((

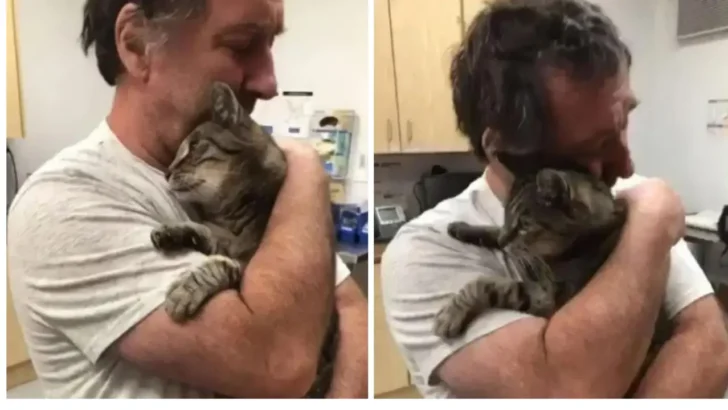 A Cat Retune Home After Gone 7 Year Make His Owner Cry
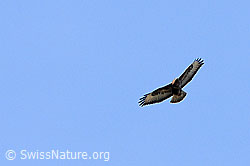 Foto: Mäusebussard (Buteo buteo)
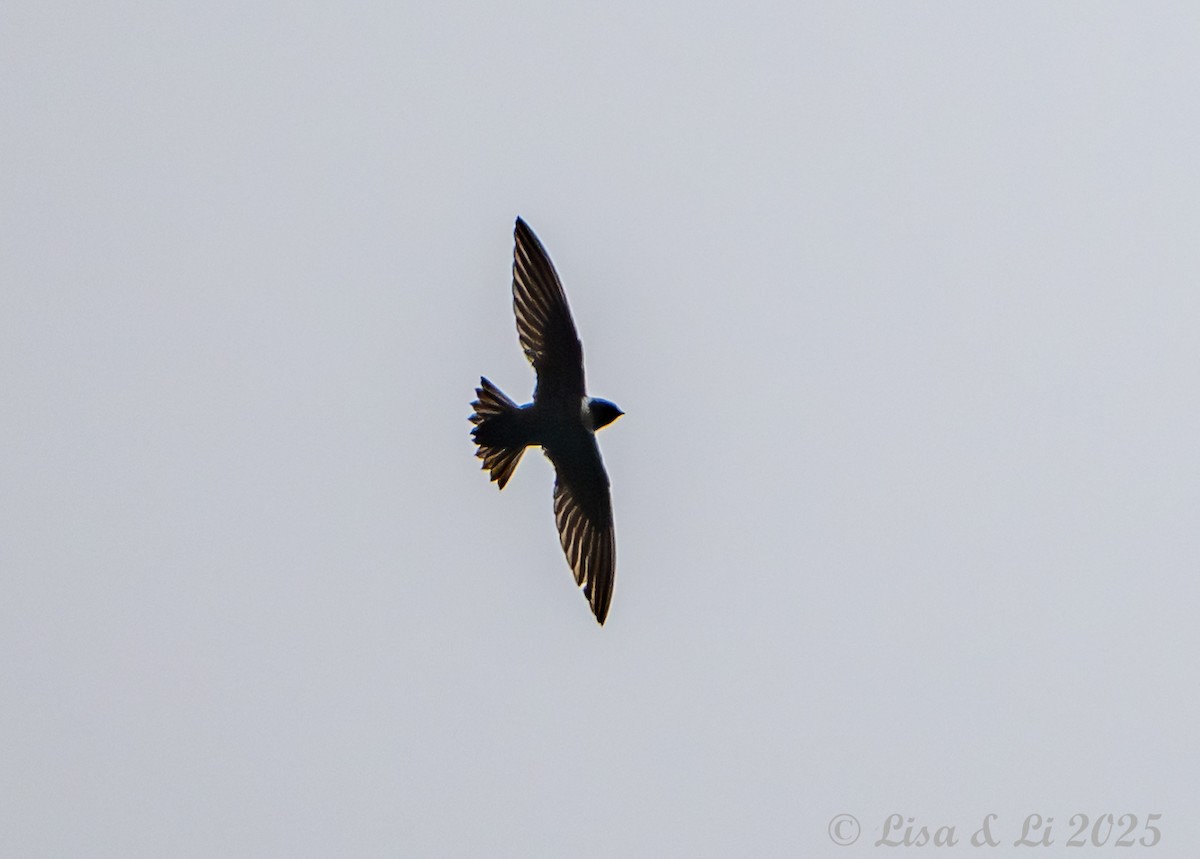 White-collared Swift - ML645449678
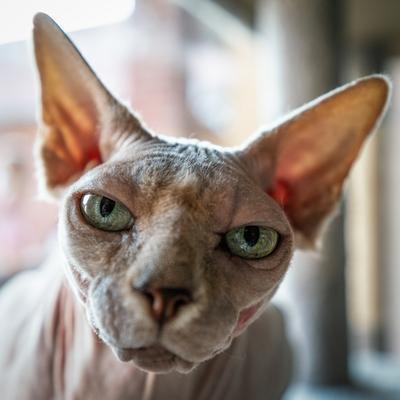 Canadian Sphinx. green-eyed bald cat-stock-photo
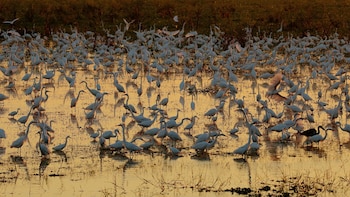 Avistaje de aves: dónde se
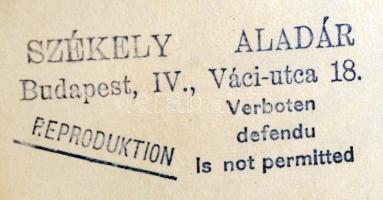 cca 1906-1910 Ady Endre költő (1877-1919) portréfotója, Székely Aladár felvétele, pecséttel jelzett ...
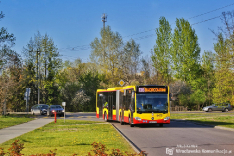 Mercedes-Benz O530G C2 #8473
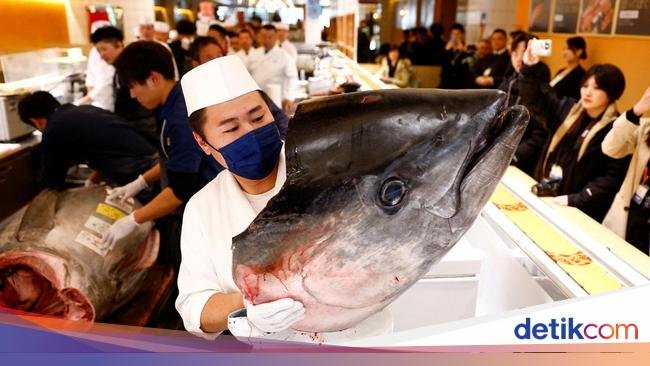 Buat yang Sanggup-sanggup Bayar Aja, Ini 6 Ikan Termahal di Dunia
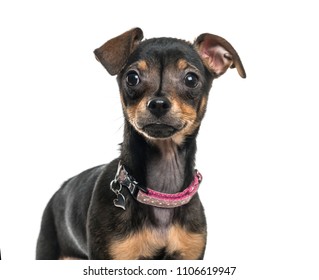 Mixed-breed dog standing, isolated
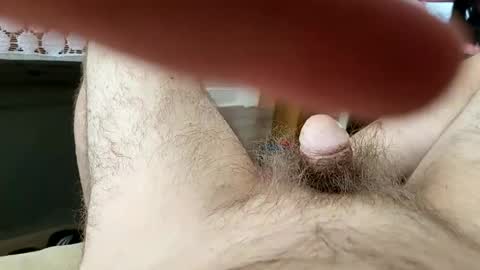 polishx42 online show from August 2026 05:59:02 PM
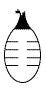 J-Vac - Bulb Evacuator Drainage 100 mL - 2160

))

▶ _Task item_: All of the material above goes into the copy exactly as is; the pictures do not.

▶ _Answer box_:
 A Cat Retune Home After Gone 7 Year Make His Owner Cry
 Foto: Mäusebussard (Buteo buteo)
 White-collared Swift - ML645449678
 Canadian Sphinx. green-eyed bald cat-stock-photo
 Avistaje de aves: dónde se
 cca 1906-1910 Ady Endre költő (1877-1919) portréfotója, Székely Aladár felvétele, pecséttel jelzett ...
 Mercedes-Benz O530G C2 #8473
 Buat yang Sanggup-sanggup Bayar Aja, Ini 6 Ikan Termahal di Dunia
 Mixed-breed dog standing, isolated
 polishx42 online show from August 2026 05:59:02 PM
 J-Vac - Bulb Evacuator Drainage 100 mL - 2160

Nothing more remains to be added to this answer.